Great works of cinema
During Hamilton's period of obscurity two great works of cinema kept the work, if not the name, in the public eye. His 1929 play Rope, loosely based on the Leopold and Loeb murder case, was famously filmed in one simulated single take by Alfred Hitchcock. George Cukor's version of Gas Light, a hit in the West End just before the war, remained a fixture on television for decades after its release in 1944. Ingrid Bergman plays a nervous young wife whose sinister husband, given suave malignity by Charles Boyer, is intent on convincing her that she is going insane.
The title (two words on stage, one on film) is extremely well chosen. “Gaslight” conjures up a Victorian mood. It also refers to a key plot device in the film.

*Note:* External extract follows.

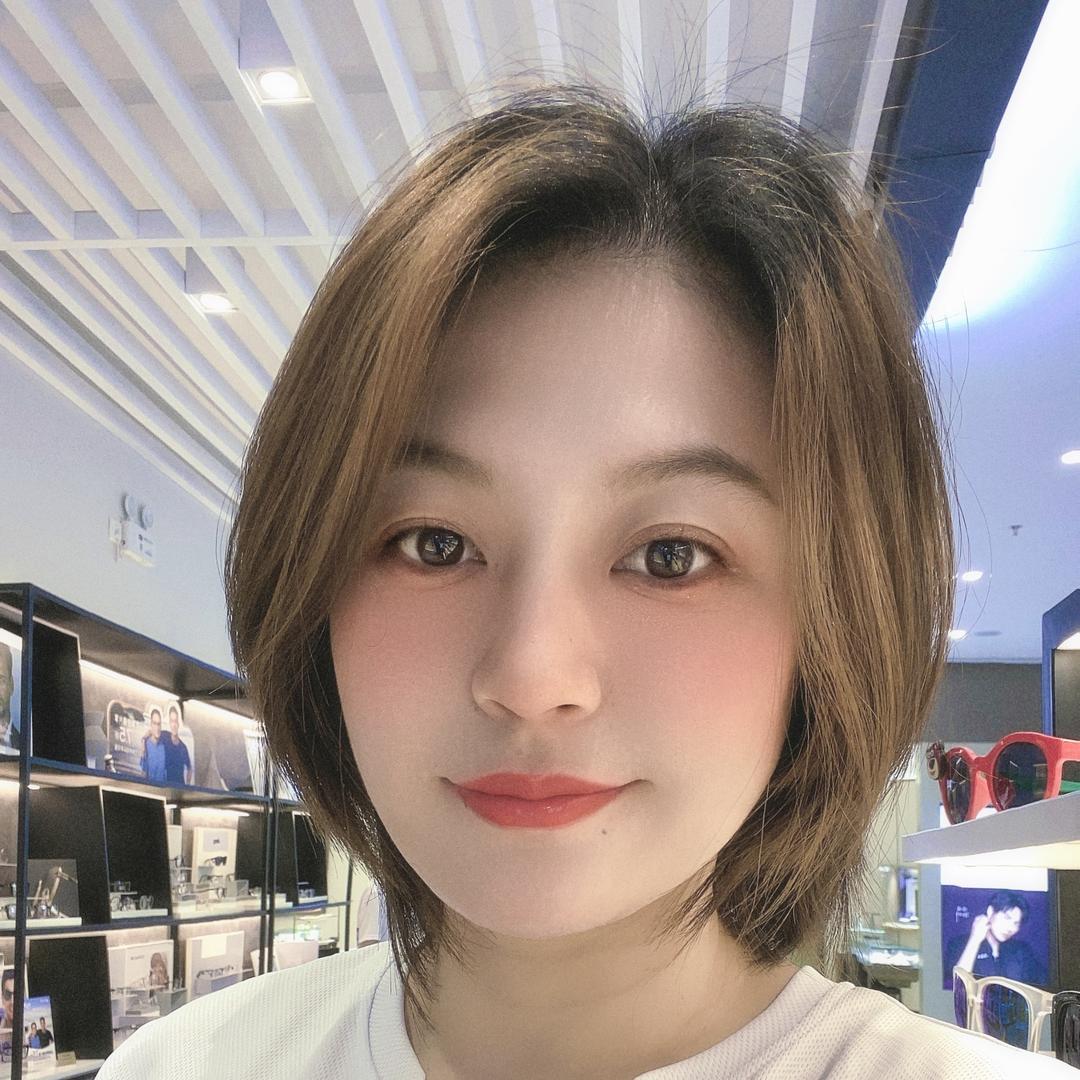 博士眼镜沙井老天虹店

When Boyer turns the light on in another part of the building it causes the illumination in Bergman’s room to dim. He convinces her that she is imagining the alteration.
It’s not clear when the title was first used as a verb to indicate any attempt to make a target question his or her mental stability. No examples seem to exist before the 1960s. By the 1980s it was in common usage by academics discussing a precise form of abuse. The phrase “you’re just imagining it” is a common way of shutting down arguments and belittling reasonable complaint. Say it enough and victims may begin to doubt themselves. It is only in the past decade or so that that the usage has crept into everyday speech.

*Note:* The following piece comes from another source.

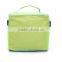 Thermal Tote Portable Insulated Pouch Waterproof Lunch Storage Picnic Bag Handle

Hamilton thus finds himself in exalted company. There are only a very few literary works whose titles have become a common idiom. To become established, such phrases have to stand in for a concept not easily expressed in fewer words. “Catch 22” is so much neater than “a dilemma whose only apparent solution recreates the initial dilemma”. “Groundhog Day” is neater than “an apparently endless repetition”. The word “gaslighting” says something complicated in elegantly brief fashion. If you remain confused as to the meaning then go and watch the excellent film.
Cavalier
It's all right. You aren't going crazy. Here is where we, yet again, bring Trump into the conversation. Even in a profession famous for creative disingenuousness, the current US president has been cavalier with la vérité. We don't need to detail the controversies concerning disabled journalists, tax audits or China's global-warming "hoax". Brief mention should suffice.

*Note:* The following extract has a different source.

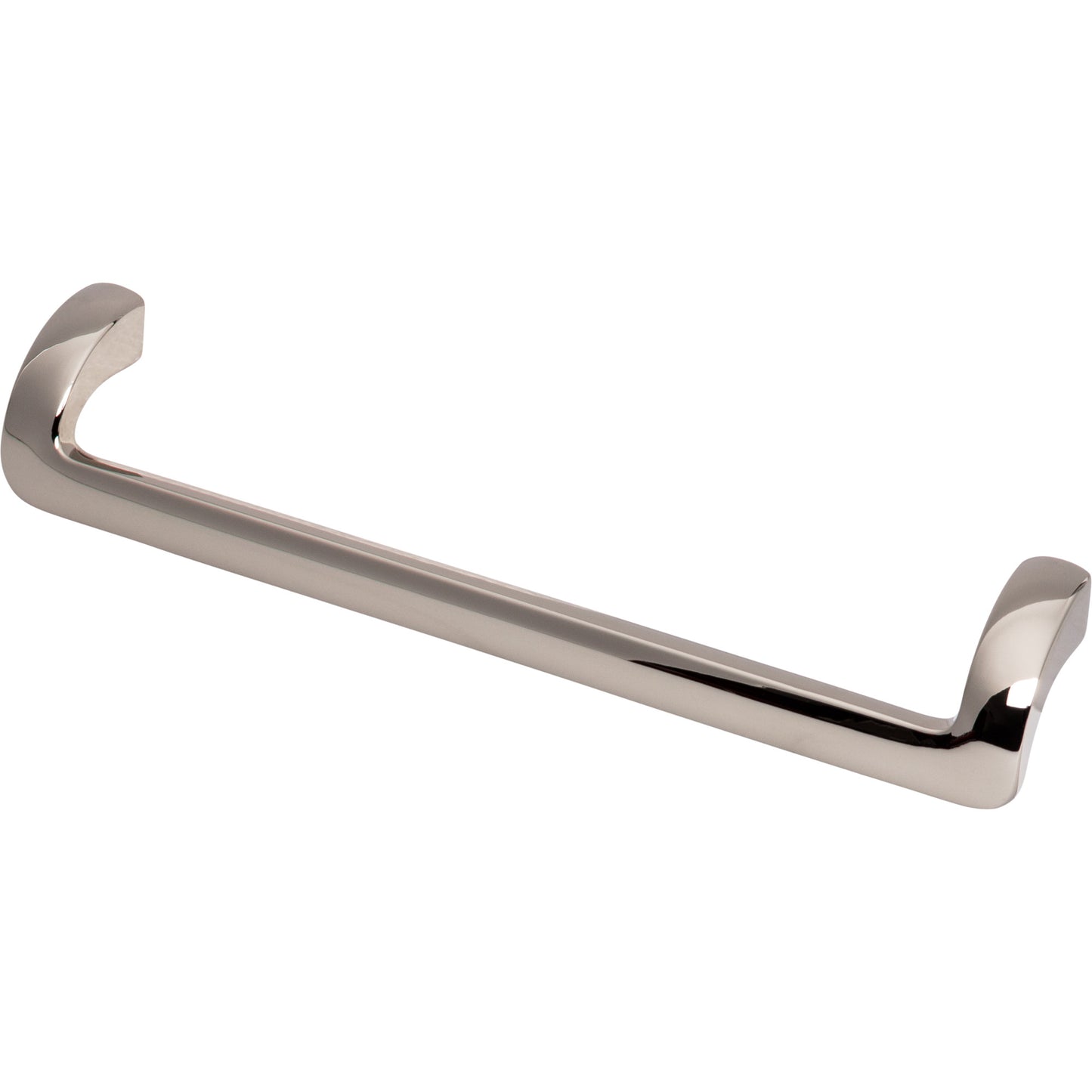 Top Knobs Kentfield Drop Handle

Observers desperate to summarise Trump's technique have happened upon the word "gaslighting". Lauren Duca, who has done such good work in transforming Teen Vogue, recently argued that "Donald Trump is gaslighting America". In last week's New Statesman Helen Lewis, deputy editor of that periodical, acknowledged that the word is overused but still felt able to call Trump the "Gaslighter-in-Chief".
Both pieces are thoughtful and worth reading in full. But to ascribe such Machiavellian cunning to Trump is to do him unearned favours. He’s not trying to make us think we’re bonkers. He’s just lying. As the word is repeatedly used in this manner it begins to alter its meaning. Just as “troll”, which once indicated something quite different in online usage, is now a mere synonym for “bully”, “gaslighting” will soon mean nothing more than “repeated fibbing”.
That would be a shame. It’s a useful word. Patrick Hamilton deserves better. Or does he? Maybe it’s all in my imagination.